• _Exercise data_
• • • •
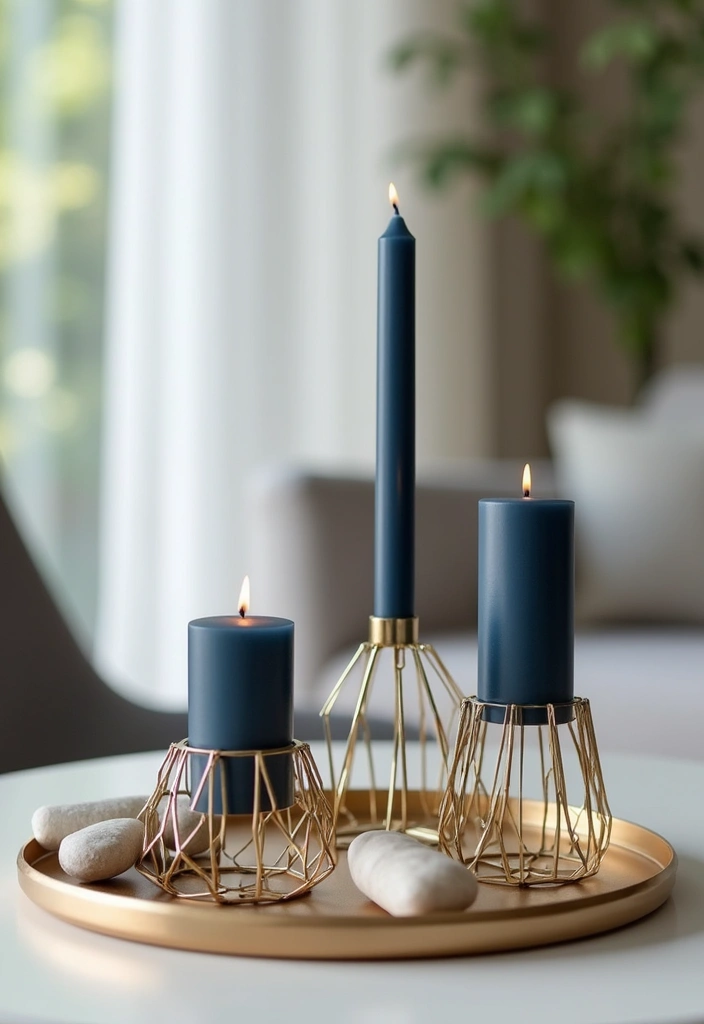 26 Navy Blue Candle Decor Ideas That Look Sophisticated 15 26 Navy Blue Candle Decor Ideas That Look Sophisticated - 3. Modern Geometric Holders with Navy Candles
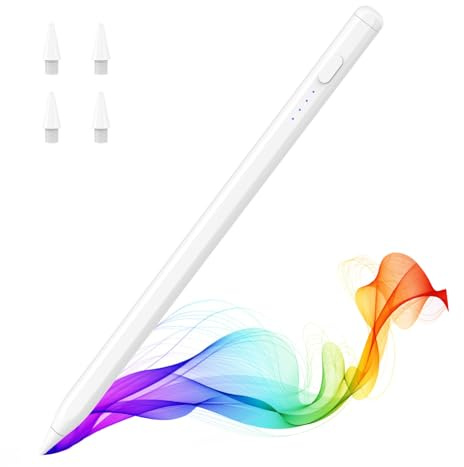 MoKo Stift für iPad (A16) 11. 10. Gen, Stylus Stift für 2018-2025 Apple iPad 11/10/9/8/7/6/A16,Mini 7/6/5,Air M3/M2 11/13/5/4/3, Pro M4 13/12,9/11 Neigungssensibilität,USB-C Schnellladung, Weiß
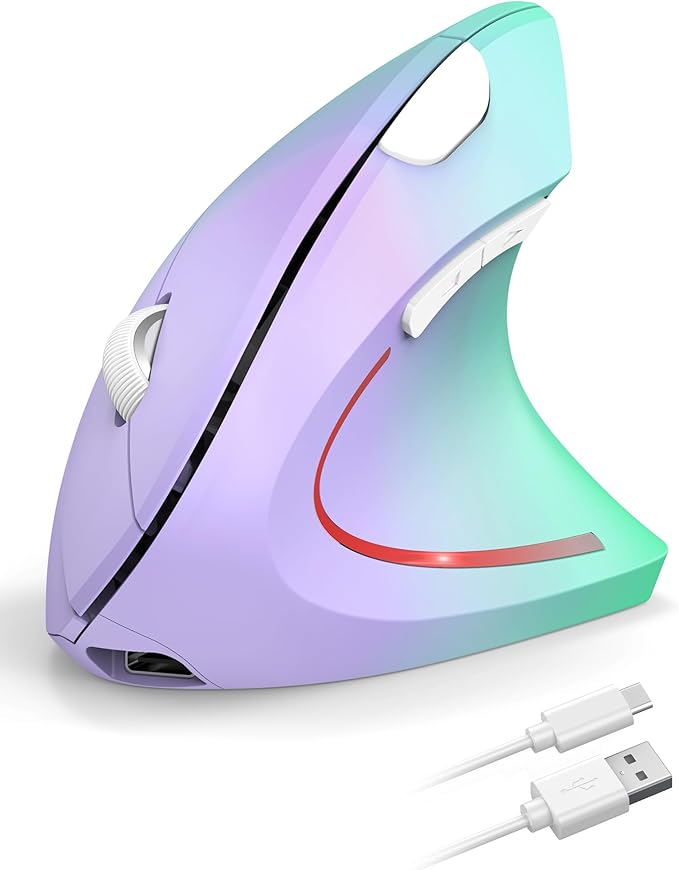 TECKNET Ergonomic Mouse, Wireless Rechargeable Vertical Mouse for Carpal Tunnel Right Hand, 4800 DPI 5 Adjustable Levels 2.4GHz with USB-A Receiver, Silent Click, for Laptop, PC, MacBook, Desktop
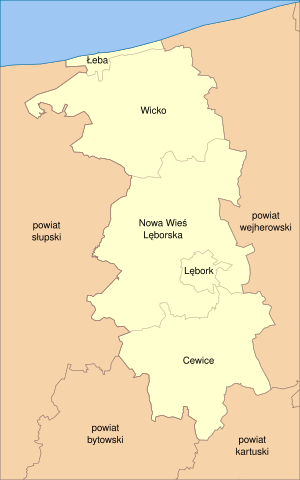 Лемборкский повят на карте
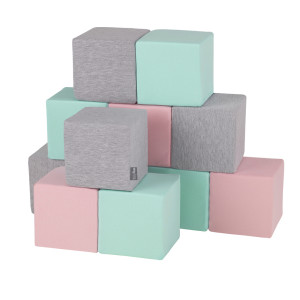 Dodatki damskie > test damska > Dodatki damskie > KiddyMoon Weiche Bausteine aus Schaumstoff für Kinder, Blöcke: hellgrau-pink-mint, 12 Stücke
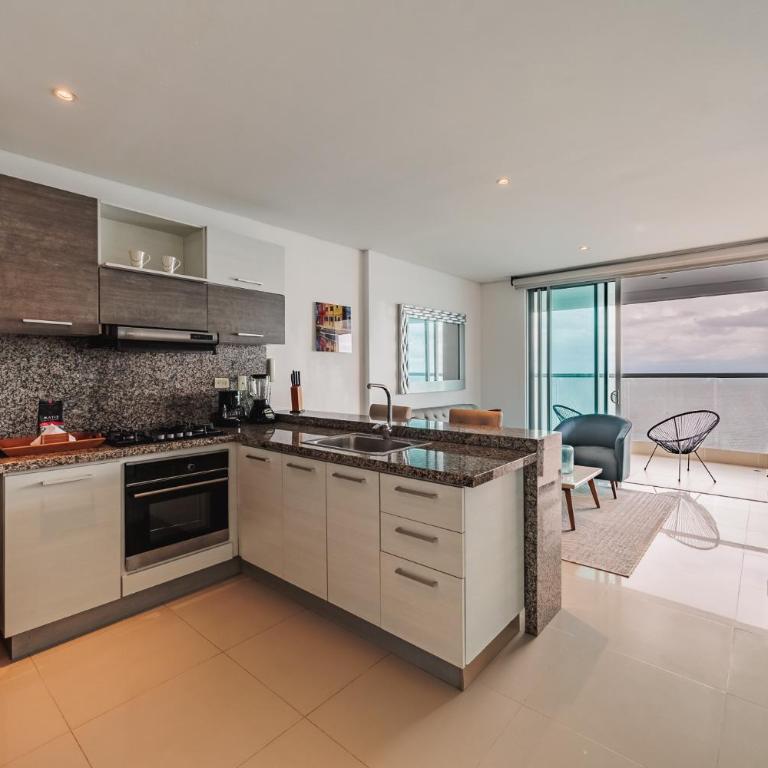 Magnífico apto de 1 habitación con vista inmejorable al mar en Bocagrande - Apartamento con balcón - 5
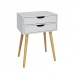 Mesita 2 cajones Fiano Blanca Mobelcenter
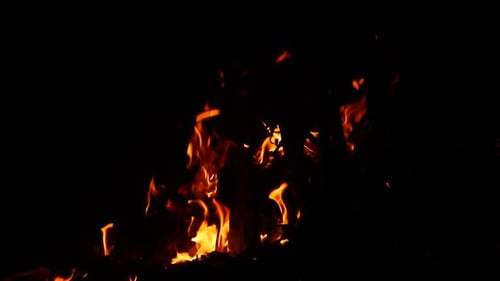 Full HD video of blazing fire yellow flames in darkness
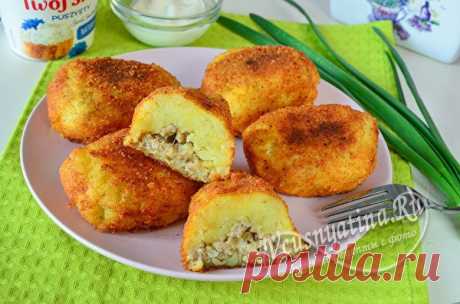 Картофельные котлеты с курицей внутри и сыром на сковороде, рецепт с фото пошагово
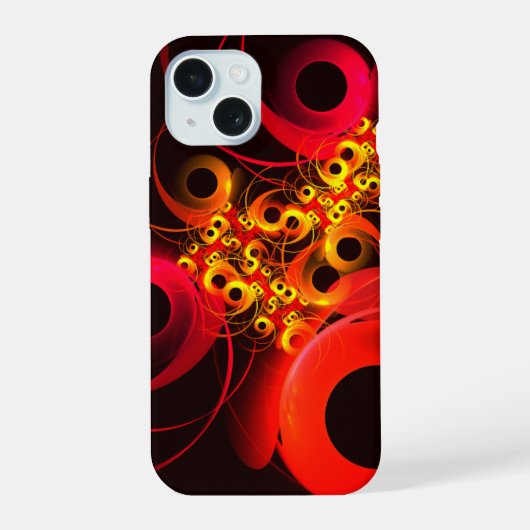 円モダンカラフル抽象芸術のパターン#08 iPhone 15ケース (裏面)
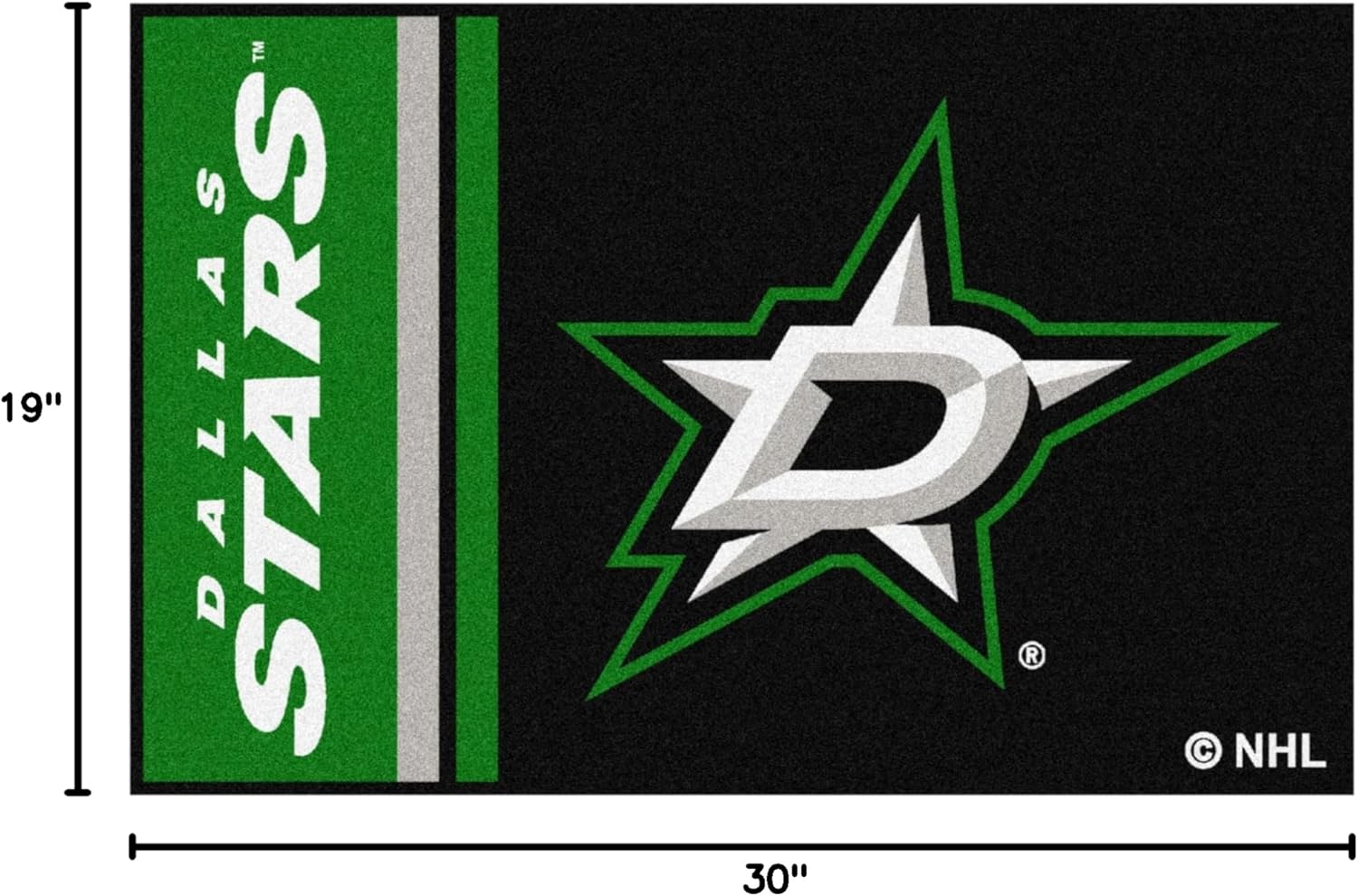 FANMATS 19261 Dallas Stars Starter Mat Accent Rug - 19in. x 30in. | Sports Fan Home Decor Rug and Tailgating Mat Uniform Design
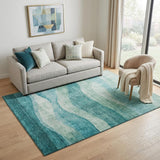 5' X 8' Teal And Aqua Abstract Washable Area Rug With UV Protection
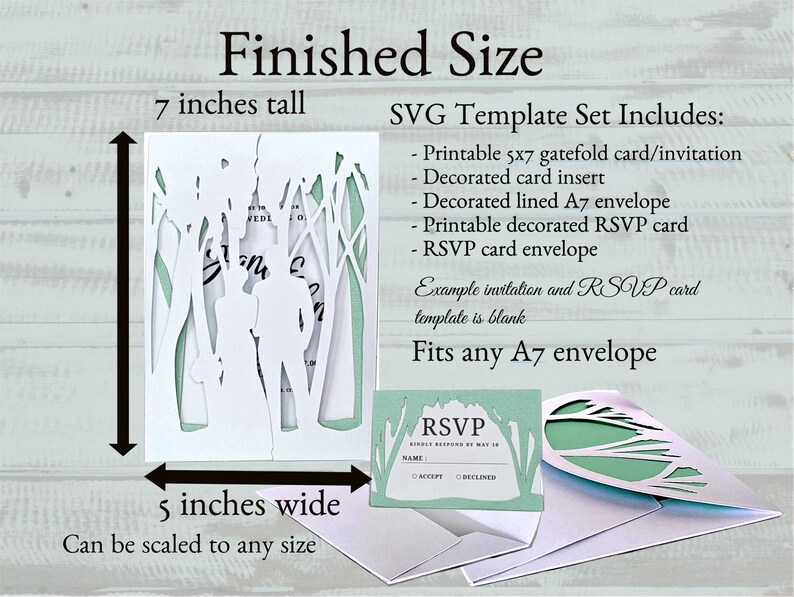 Blank 5X7-inch Card Insert, with forest decoration, which can be printed for invitations, Matching envelope with forest decoration, and envelope liner, Blank 3.5 X 5-inch RSVP Card, with forest decoration, RSVP card envelope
• • • •
• _Exercise aim_
Every line above between the one containing "Full HD video" and the one containing "5' X 8' Teal", those two included, is to be printed exactly. No pictures go into the copy.

• _Answer section_
 Full HD video of blazing fire yellow flames in darkness
 Картофельные котлеты с курицей внутри и сыром на сковороде, рецепт с фото пошагово
 円モダンカラフル抽象芸術のパターン#08 iPhone 15ケース (裏面)
 FANMATS 19261 Dallas Stars Starter Mat Accent Rug - 19in. x 30in. | Sports Fan Home Decor Rug and Tailgating Mat Uniform Design
 5' X 8' Teal And Aqua Abstract Washable Area Rug With UV Protection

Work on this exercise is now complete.